Toujours dans le souci de protéger le tambour, ce décret mentionne que toute formation, organisation ou groupe ayant dans ses objectifs l'animation culturelle doit se faire enregistrer au ministère de la culture.
« Toute exhibition d'une troupe de tambourinaires en dehors des cérémonies officielles, requiert l'autorisation du ministre ayant la culture dans ses attributions. Cette autorisation est notamment exigée lors des cérémonies de mariage, dot, de naissance, de remise de diplôme, etc », stipule l'article 5 dudit décret.
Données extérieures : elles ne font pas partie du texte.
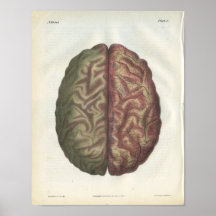 Copie d'anatomie d'esprit humain poster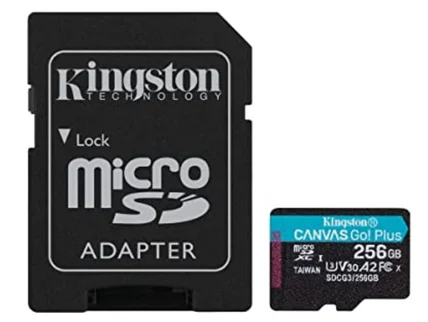 Kingston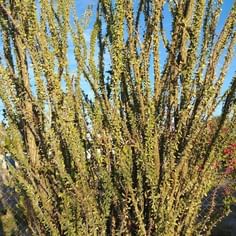 Fouquieria splendens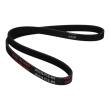 4PK836-PCS-MS - V-Ribbed Belts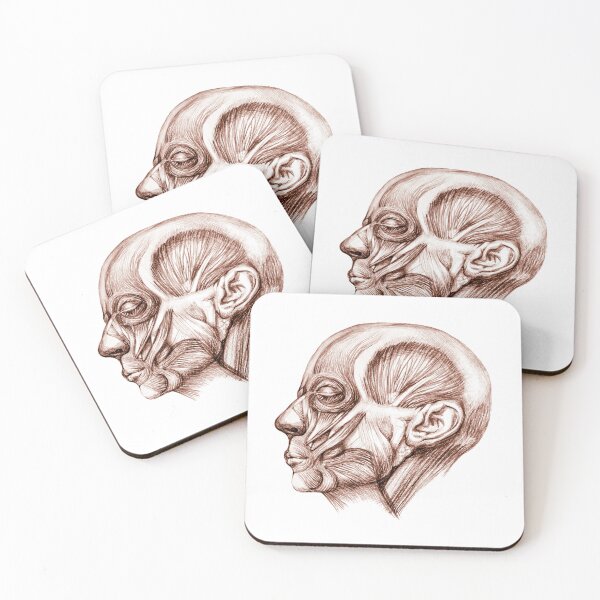 Item preview, Copy of Ecorche no skin face designed and sold by Slieptsovaart.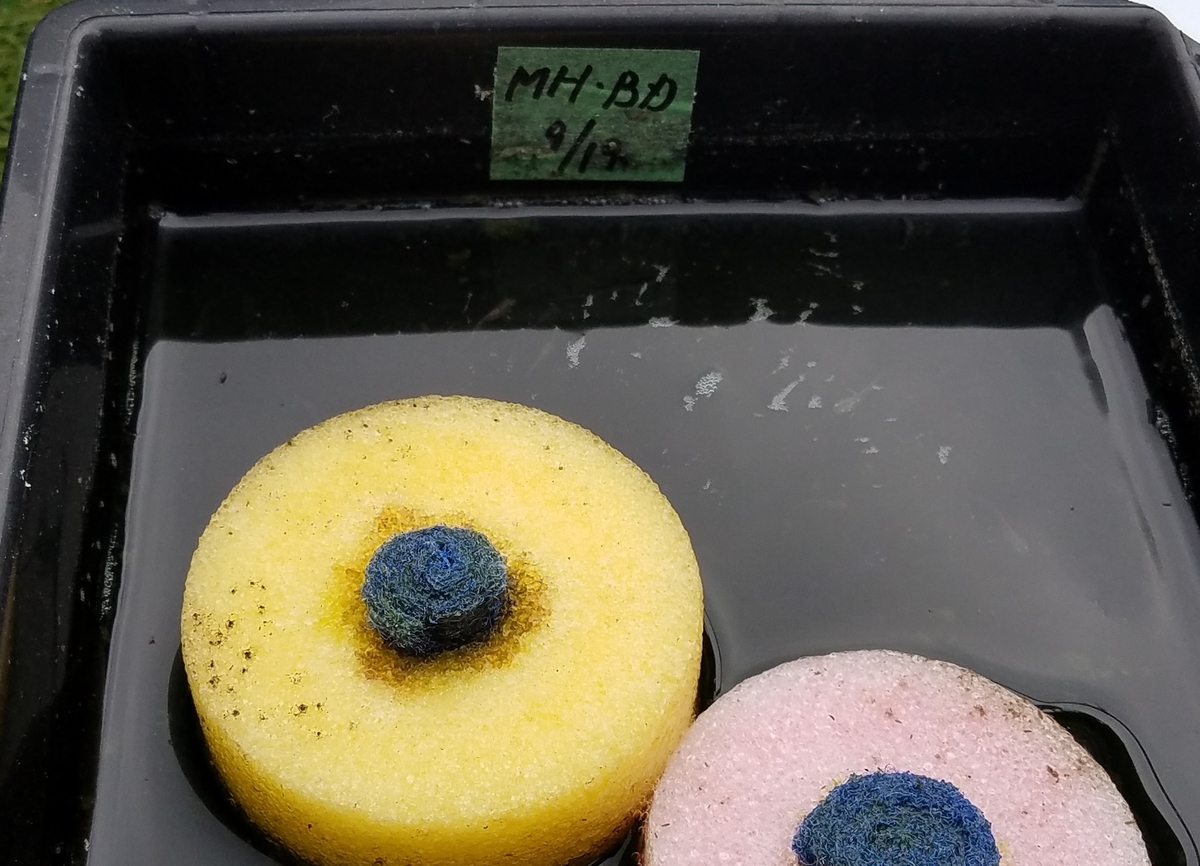 f:id:e-medaka-3846:20201109080302j:plain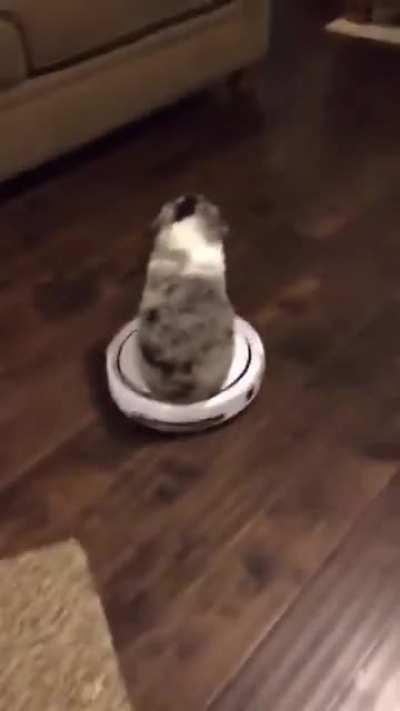 Onward, mighty steed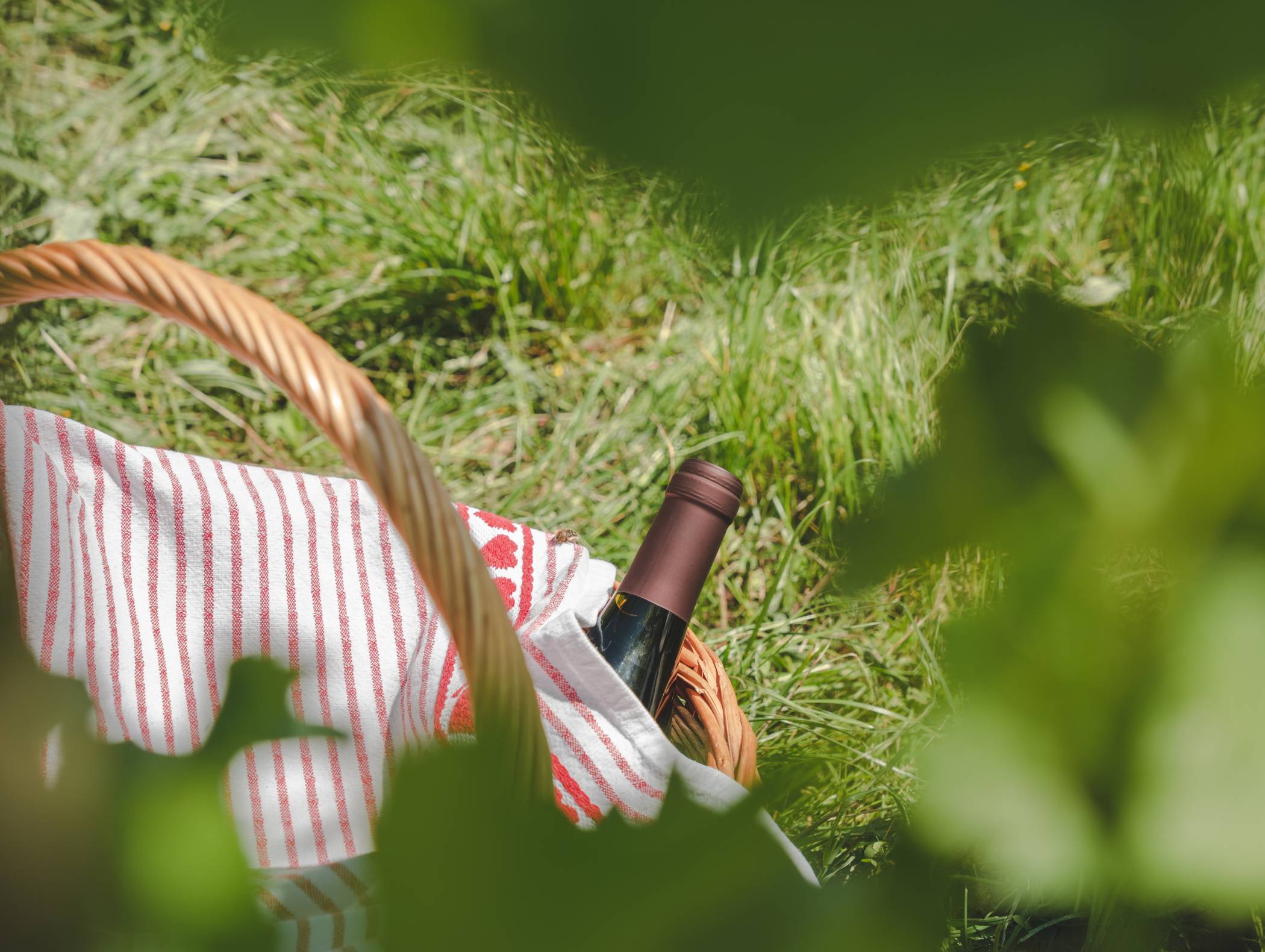 Vino regionale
Dans son article 6, il mentionne que ''la demande est introduite par l'organisateur de l'activité au moins deux semaines avant la date des cérémonies, en précisant la date, le lieu et la durée du spectacle. « Avant de délivrer toute autorisation, le ministère de tutelle apprécie la pertinence d'une troupe de tambourinaires à cet évènement », note-t-il.
Cette réglementation prévoit aussi des sanctions pour les récalcitrants et trois ministères sont chargés de la mise en application de ce décret à savoir, celui de la culture, des finances et celui du tourisme.